■ **Work task**
Copy everything in the listing below word for word, apart from any images.

■ **Data section**

• • • • •

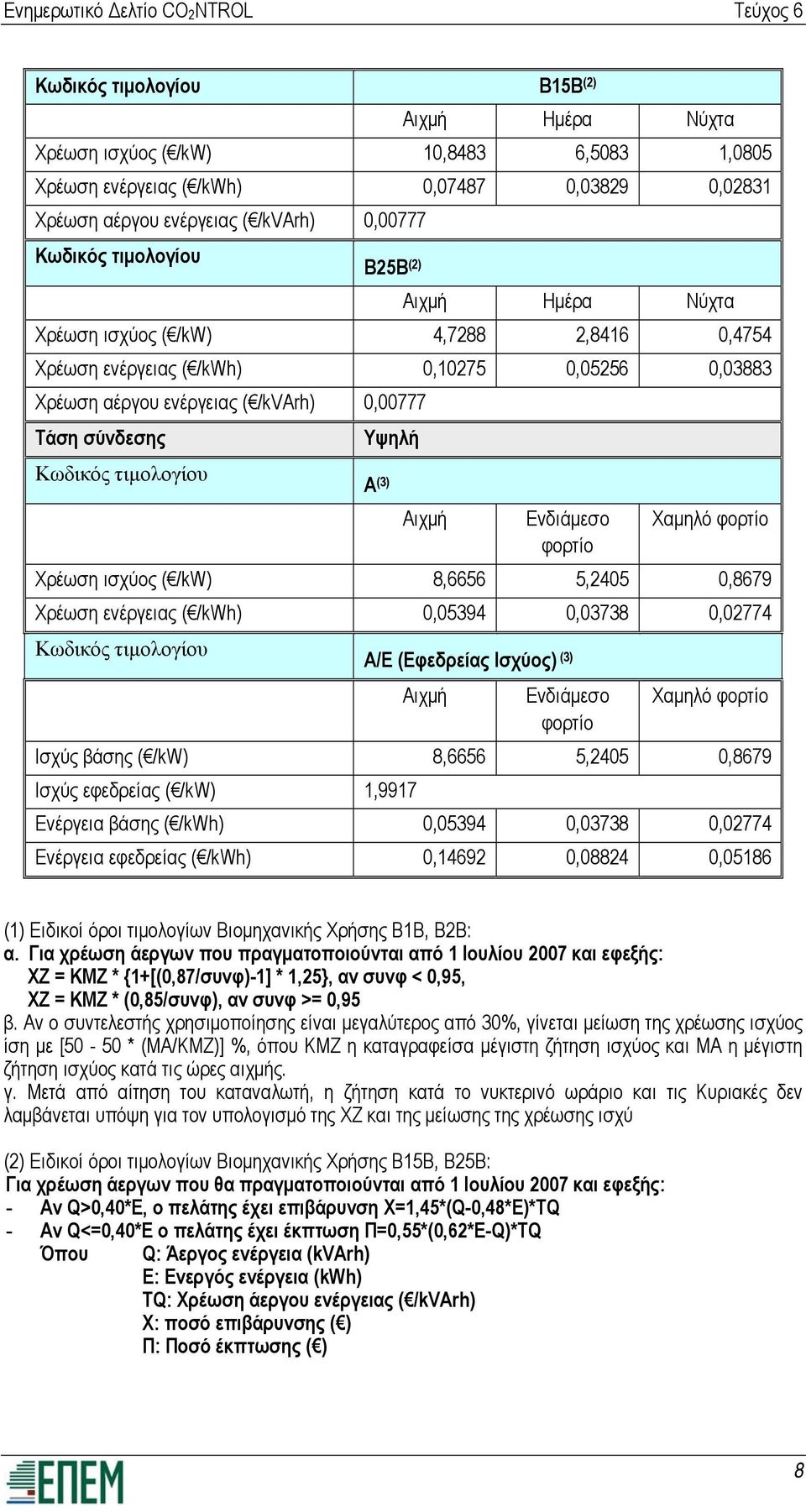 Α (3) Αιχμή Ενδιάμεσο φορτίο Χαμηλό φορτίο Χρέωση ισχύος ( /kw) 8,6656 5,2405 0,8679 Χρέωση ενέργειας ( /kwh) 0,05394 0,03738 0,02774 Κωδικός τιμολογίου Α/Ε (Εφεδρείας Ισχύος) (3) Αιχμή Ενδιάμεσο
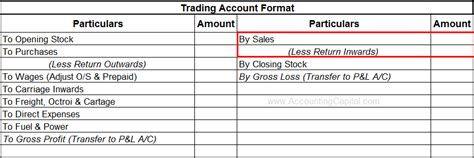 What is Return Outwards? - AccountingCapital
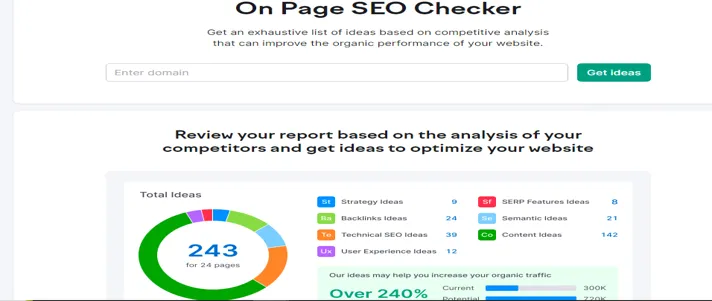 measuring your websites performance with semrush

• • • • •

■ **Result for this task**
 Α (3) Αιχμή Ενδιάμεσο φορτίο Χαμηλό φορτίο Χρέωση ισχύος ( /kw) 8,6656 5,2405 0,8679 Χρέωση ενέργειας ( /kwh) 0,05394 0,03738 0,02774 Κωδικός τιμολογίου Α/Ε (Εφεδρείας Ισχύος) (3) Αιχμή Ενδιάμεσο
 What is Return Outwards? - AccountingCapital
 measuring your websites performance with semrush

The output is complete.